Supplied entries Start Marker

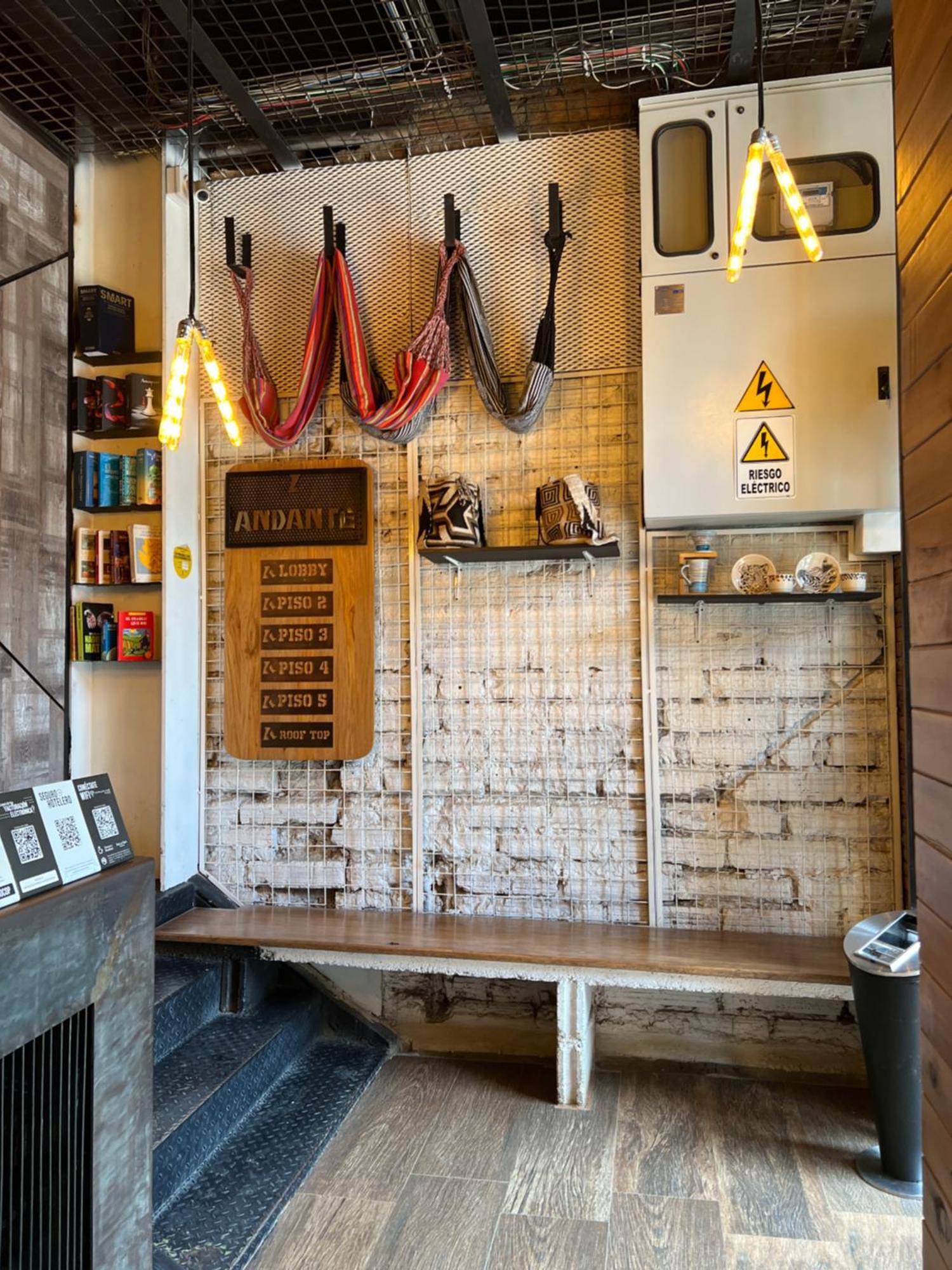 Hotel Lleras Park Concept メデジン エクステリア 写真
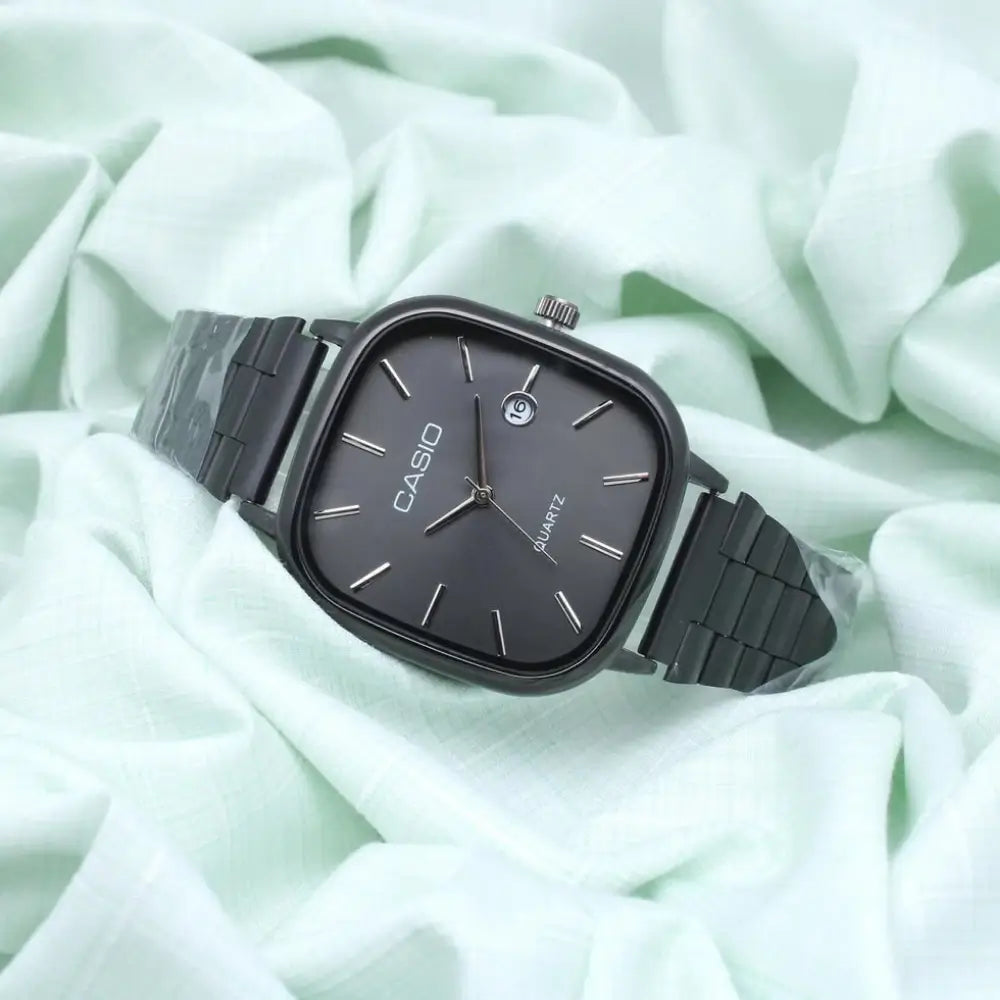 Casual Vintage Analog Watch
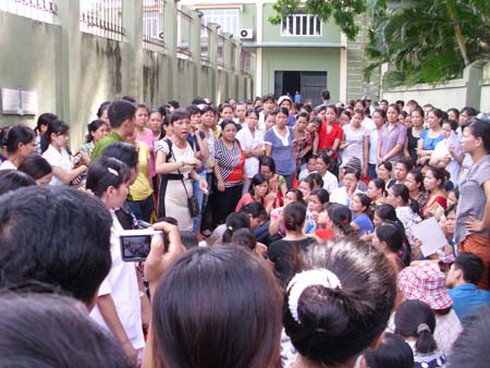 Hà Nội: Bị cấm ốm, hơn 400 công nhân đình công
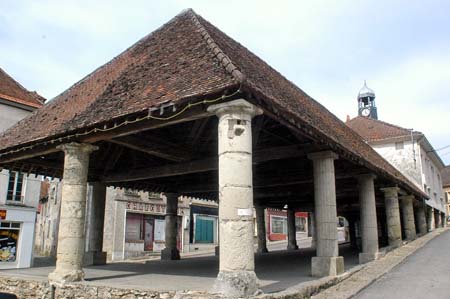 Halle de Cond� en Brie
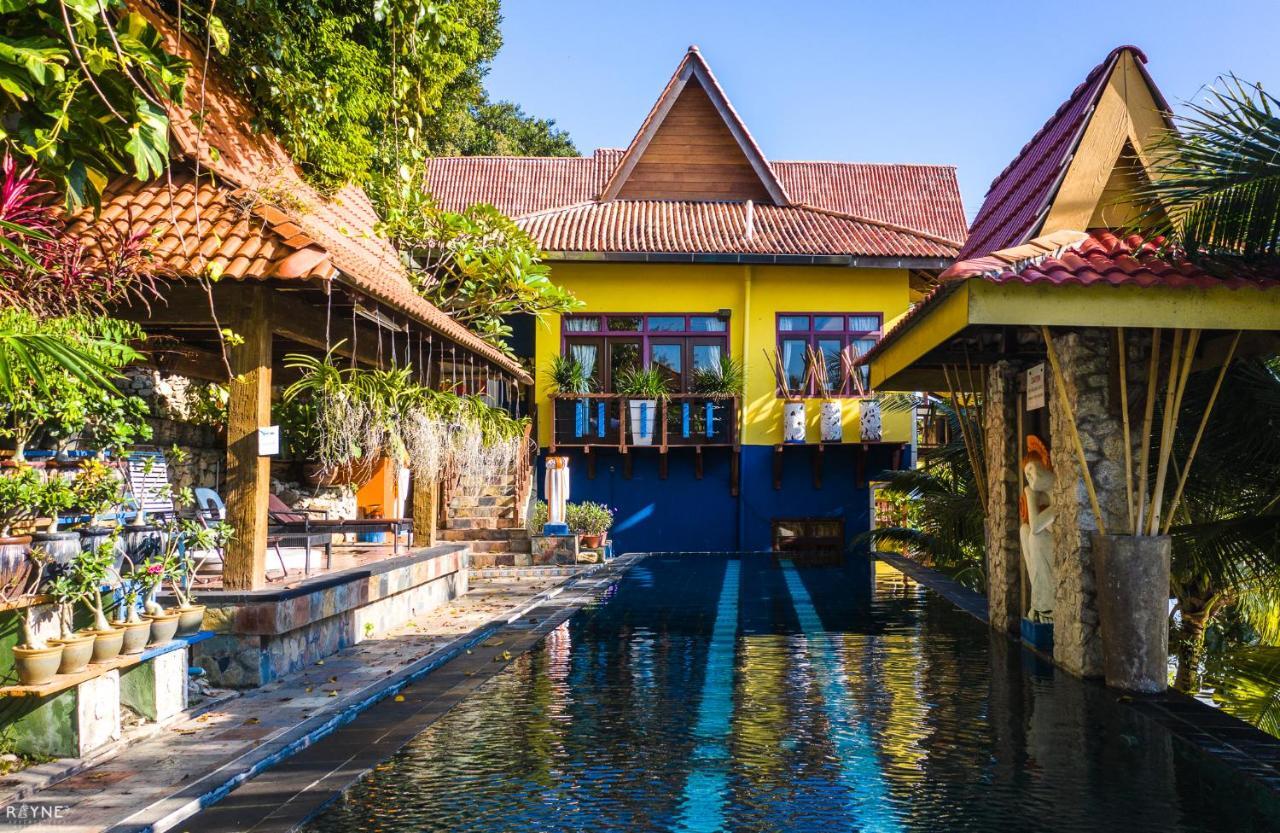 Lost Paradise Resort Batu Feringgi Exterior foto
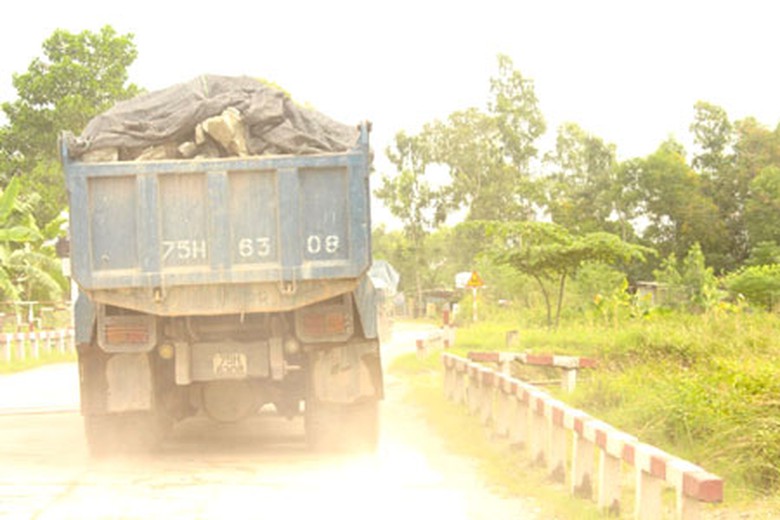 Xe chở đ&aacute; c&agrave;y n&aacute;t Tỉnh lộ 16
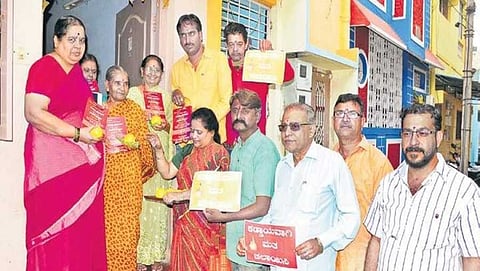 ಮೈಸೂರಿನಲ್ಲಿ ತಾಂಬೂಲದೊಂದಿಗೆ ಆಹ್ವಾನಿಸಿದ ಕಾರ್ಯಕರ್ತರು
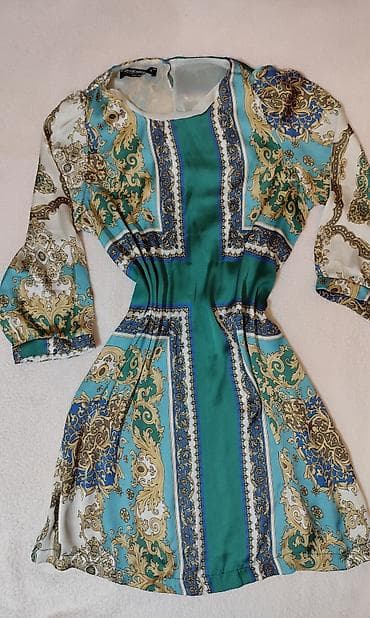 divide haljina tunika: Rinascimento haljina – veličina S - Model: mini/kratka haljina, blago at lalafo.rs — 4 divide haljina tunika: Rinascimento haljina – veličina S - Model: mini/kratka haljina, blago — 4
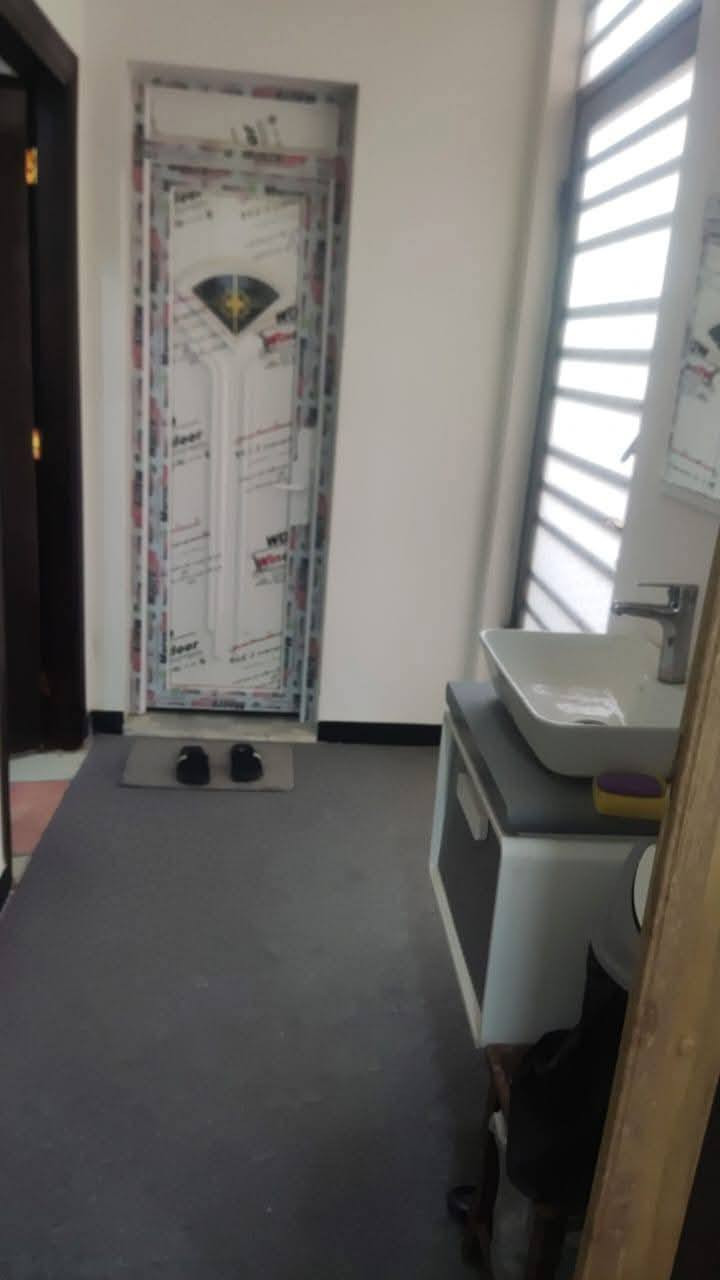 #اسعد_الله_اوقاتكم_بكل_خير⁉️👋🏼 
#البصرة 
منزل للبيع طابقين بناء حديث المساحة 190 بناء طابووق عبارة عن  بيتين كل بيت معزول لوحد بدرج خارجي وتصميم تركي يحتوي الطابق الارضي ثلاث غرف نوم والطابق الثاني معزول تماما   العنوان عويسيان بشارع مدرسة الإعلام يبعد عن الشارع العام سايدين ابو الخصيب 150 متر حوالي 3 دقائق مشي كلش قريب ع الشارع 
وجدا قريب على مركز البصرة والعشار 
ملاحظة الأرض طابو صرف زراعي بأسم عراقي يسويلك وكالة بأسمك صاحب الأرض نفسة
ومكفولة كفالة الأرض من كل الدوائر القانونية أصولية سند 25
السعر 220 و بي مجال 
هاتف ***********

Supplied entries End Marker

• [What to produce]: Nothing but the records above, exact and without pictures, should appear in the answer.

• [Exercise result]:
 Hotel Lleras Park Concept メデジン エクステリア 写真
 Casual Vintage Analog Watch
 Hà Nội: Bị cấm ốm, hơn 400 công nhân đình công
 Halle de Cond� en Brie
 Lost Paradise Resort Batu Feringgi Exterior foto
 Xe chở đ&aacute; c&agrave;y n&aacute;t Tỉnh lộ 16
 ಮೈಸೂರಿನಲ್ಲಿ ತಾಂಬೂಲದೊಂದಿಗೆ ಆಹ್ವಾನಿಸಿದ ಕಾರ್ಯಕರ್ತರು
 divide haljina tunika: Rinascimento haljina – veličina S - Model: mini/kratka haljina, blago at lalafo.rs — 4 divide haljina tunika: Rinascimento haljina – veličina S - Model: mini/kratka haljina, blago — 4
 #اسعد_الله_اوقاتكم_بكل_خير⁉️👋🏼 
#البصرة 
منزل للبيع طابقين بناء حديث المساحة 190 بناء طابووق عبارة عن  بيتين كل بيت معزول لوحد بدرج خارجي وتصميم تركي يحتوي الطابق الارضي ثلاث غرف نوم والطابق الثاني معزول تماما   العنوان عويسيان بشارع مدرسة الإعلام يبعد عن الشارع العام سايدين ابو الخصيب 150 متر حوالي 3 دقائق مشي كلش قريب ع الشارع 
وجدا قريب على مركز البصرة والعشار 
ملاحظة الأرض طابو صرف زراعي بأسم عراقي يسويلك وكالة بأسمك صاحب الأرض نفسة
ومكفولة كفالة الأرض من كل الدوائر القانونية أصولية سند 25
السعر 220 و بي مجال 
هاتف ***********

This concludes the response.